The Lord Howell argues that the Commonwealth is becoming a completely transformed entity and that an enlarged and reformed version of it should be centre stage in addressing the problems of the new international order. The British FCO (Foreign and Commonwealth Office) should be re-named the CFO (Commonwealth and Foreign Office) and that the Commonwealth network should be enhanced and made the centrepiece of British Foreign Policy. He also argues that sections of the British overseas aid budget currently administered through the EU in Brussels could be much more effectively handled through Commonwealth machinery.

The Commonwealth normally refers to 53 member countries, formerly members of the British Empire. The Commonwealth's membership includes both republics and monarchies. The Head of the Commonwealth is Her Majesty Queen Elizabeth II and the Headquarters are at Marlborough House in London.

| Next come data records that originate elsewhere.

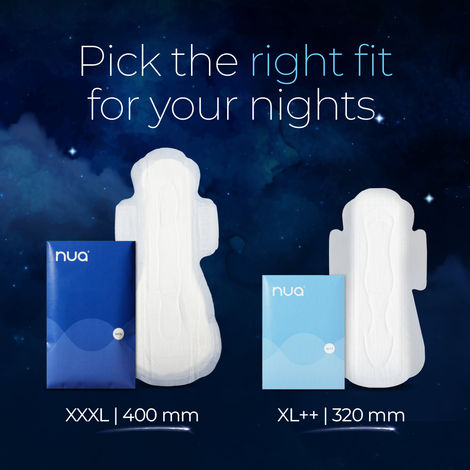 Nua All Night Comfort Sanitary Pads with Disposal Cover |XXXL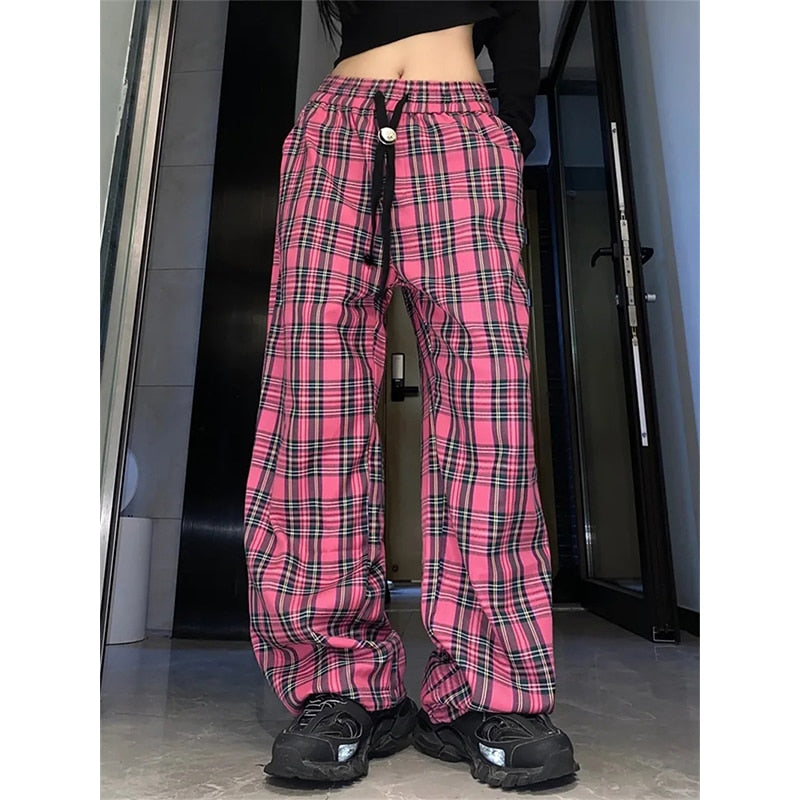 Wide Leg Checked Women High Waist Baggy Joggers Trousers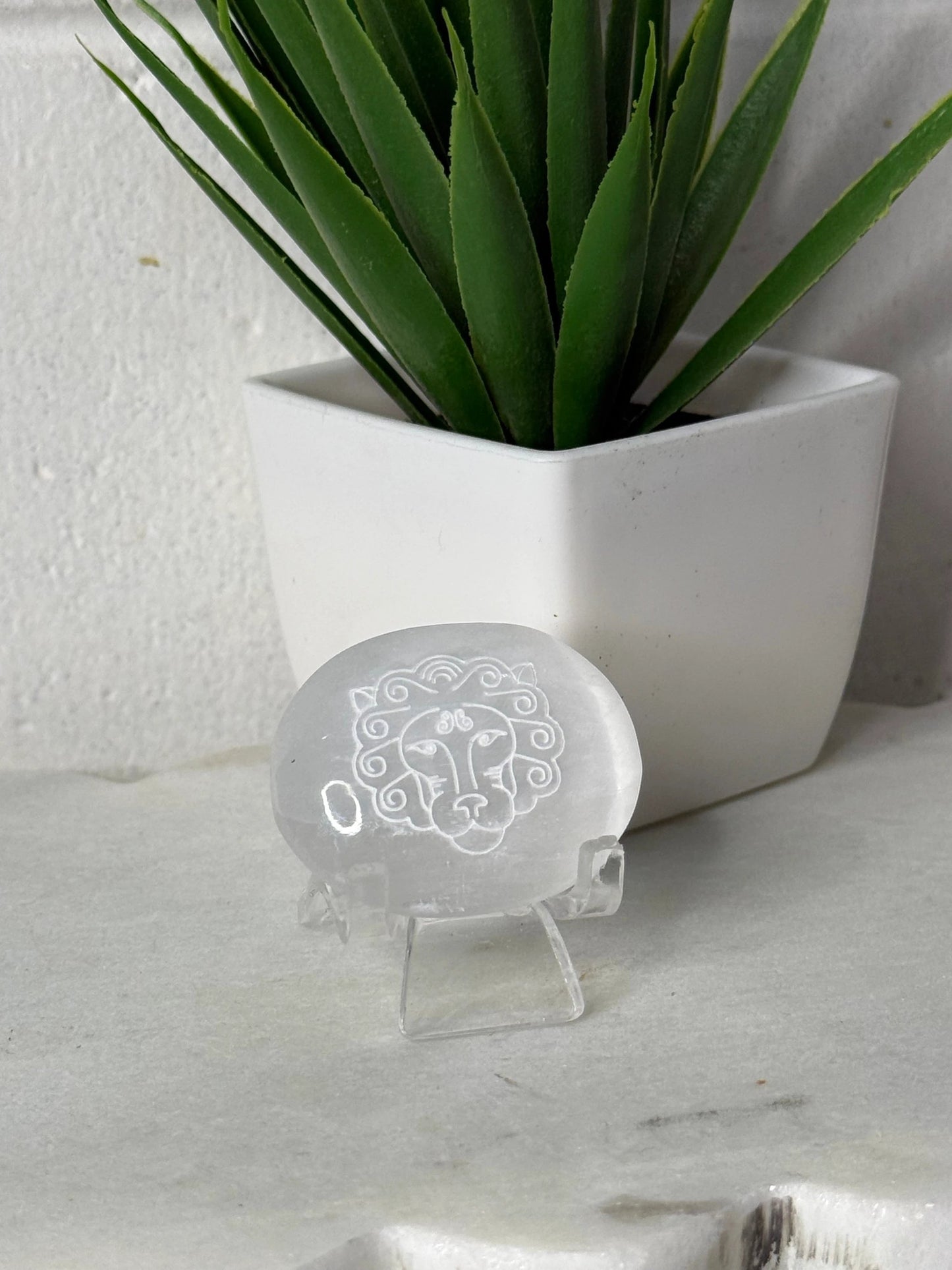 Zodiac Etched Selenite Small Palm by Heartstone Sanctuary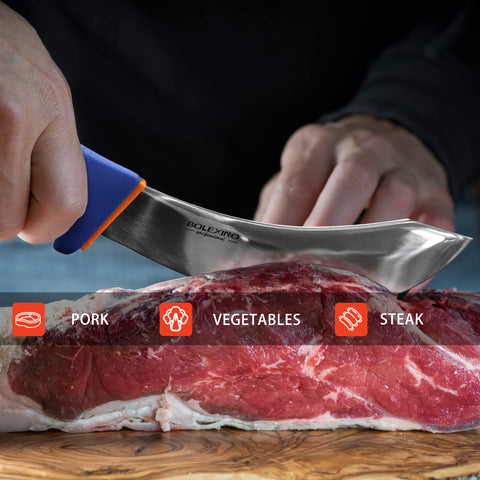 BOLEXINO 6-inch knife front view highlights ergonomic form.
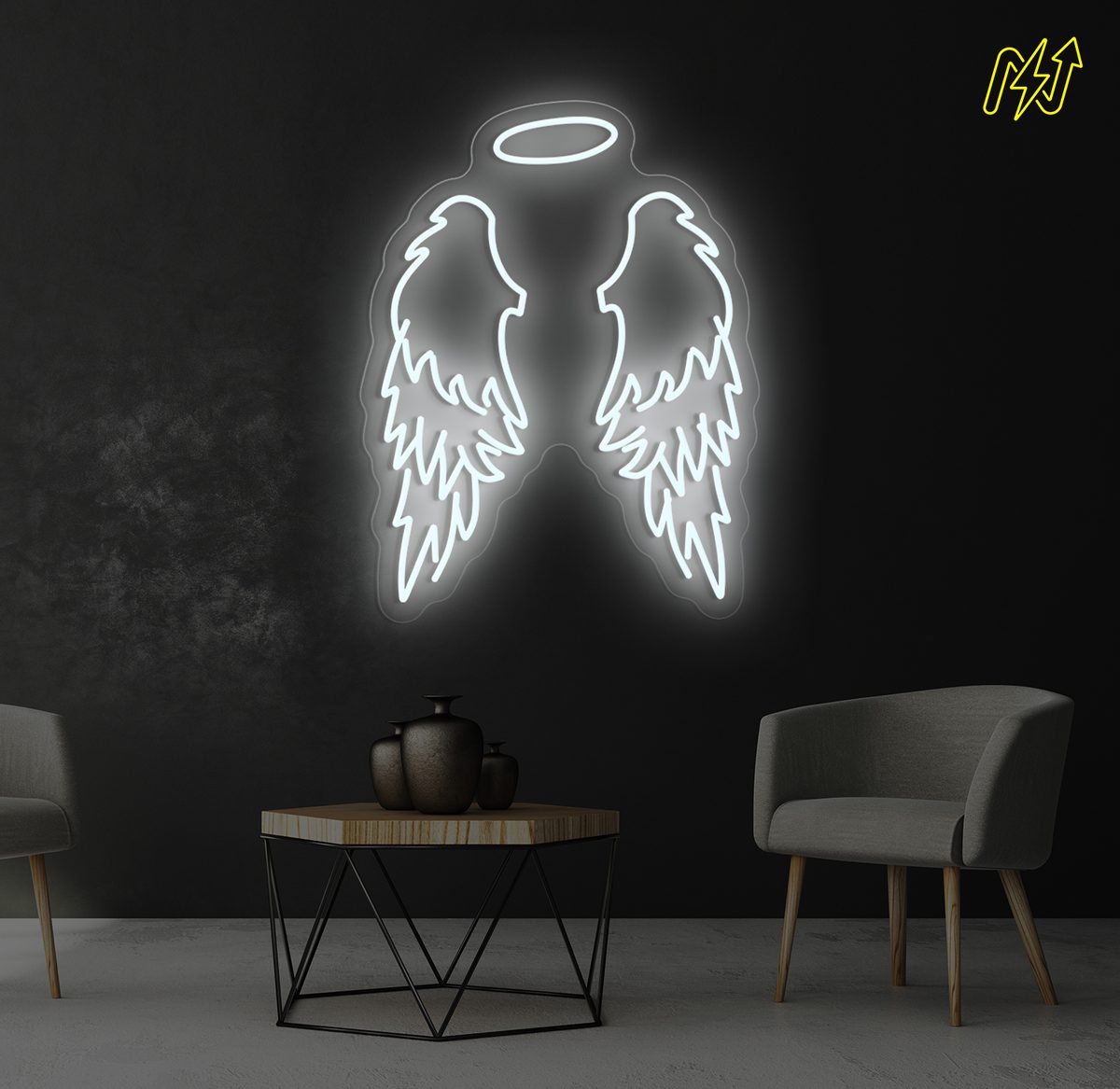 Angel Wings LED-neonbord in Koud Wit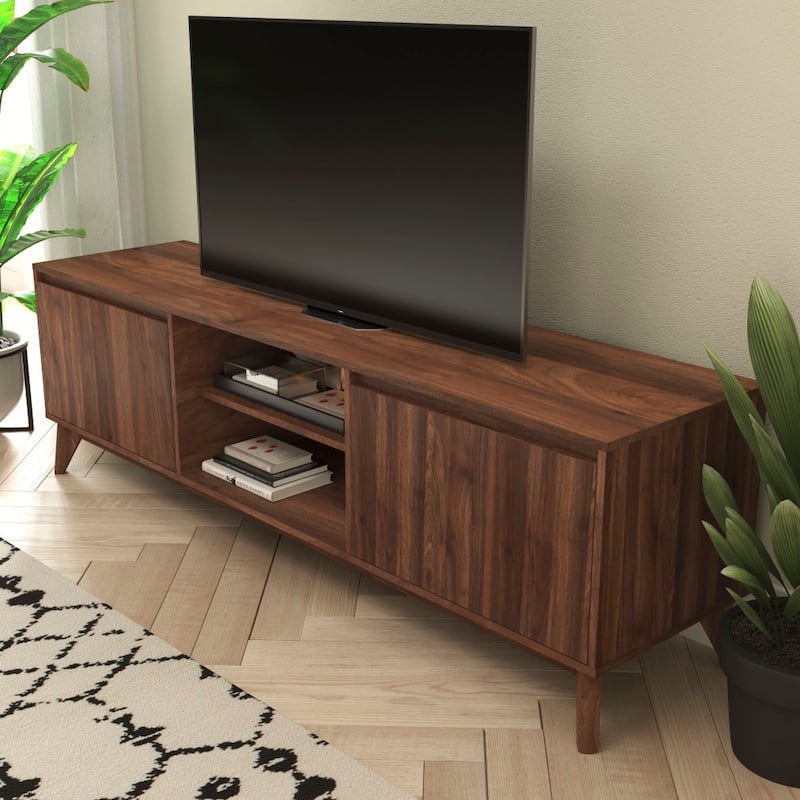 TV Stand with Adjustable Middle Shelf - Dual Soft Close Storage Doors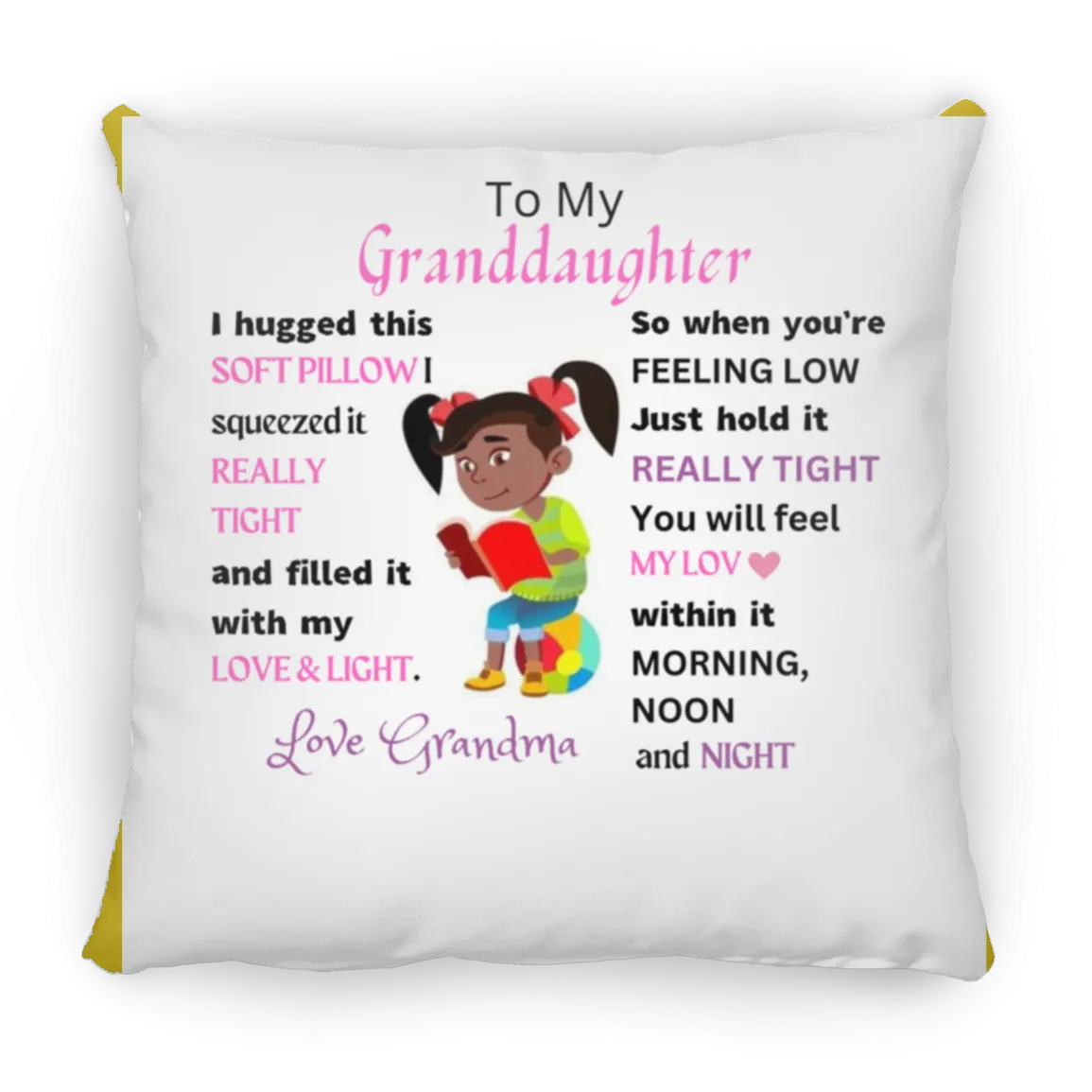 Granddaughter From Grandma Medium Square Pillow. Children Room Decorative pillow / Black children girls bedroom pillows / baby girl room decor / little melanin queen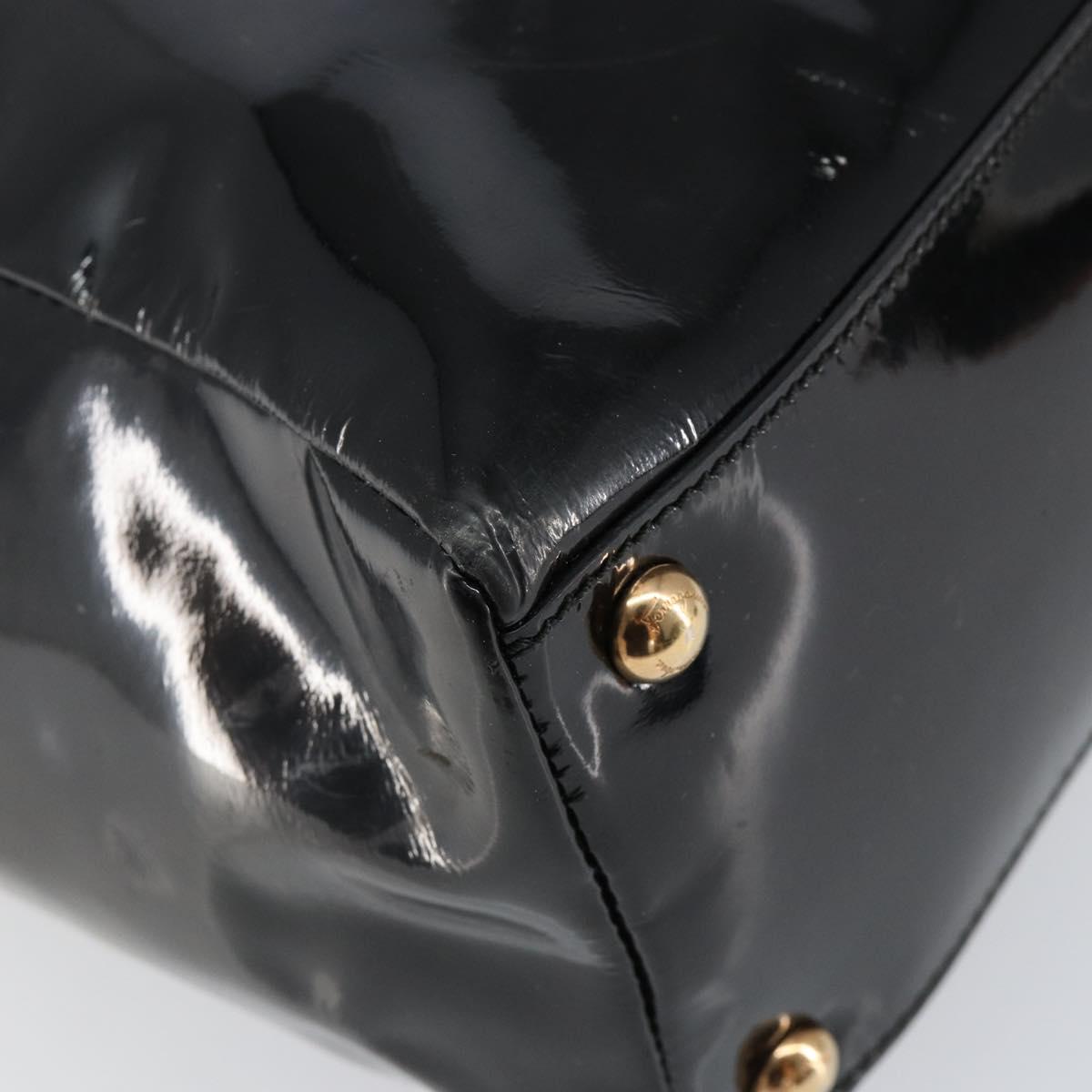 Salvatore Ferragamo Vala Tote Bag Enamel Leather Black Gold Auth BA8230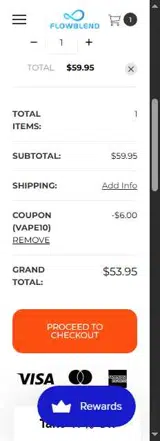 VAPE10 coupon verification screenshot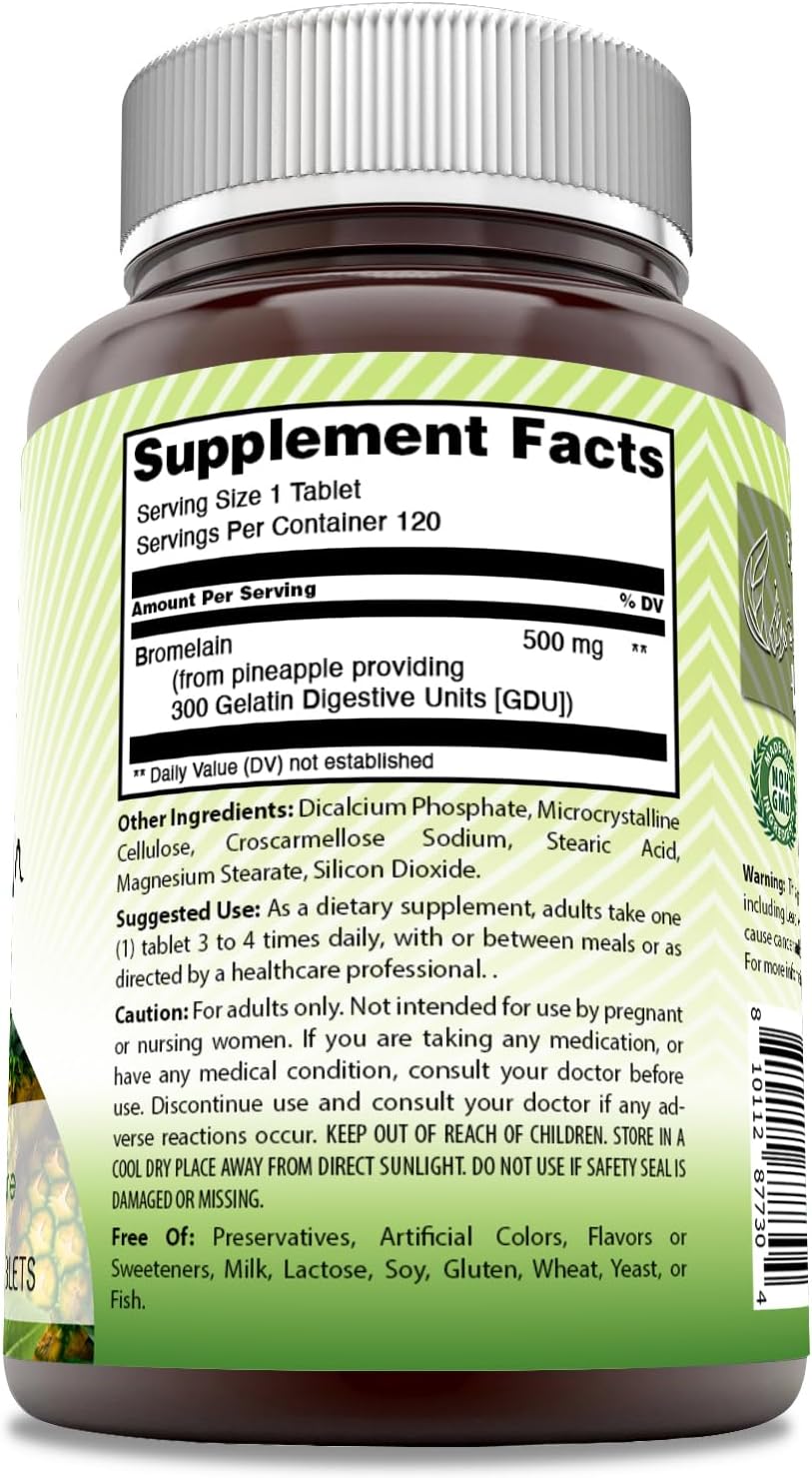 Suplemento Amazing India Bromelina 500 mg 120 tabletas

Her Majesty also reigns as monarch directly in a number of states, known as Commonwealth Realms, notably the United Kingdom, Australia, Canada, New Zealand and others. The Commonwealth's 1.8 billion citizens, about 30 per cent of the world's population, are drawn from the broadest range of faiths, races, cultures and traditions. About half of this population are less than 25 years old. Members range from vast democratic countries like India, Canada and Australia to smaller city states like Singapore. The Commonwealth has three intergovernmental organisations: the Commonwealth Secretariat, the Commonwealth Foundation, and the Commonwealth of Learning.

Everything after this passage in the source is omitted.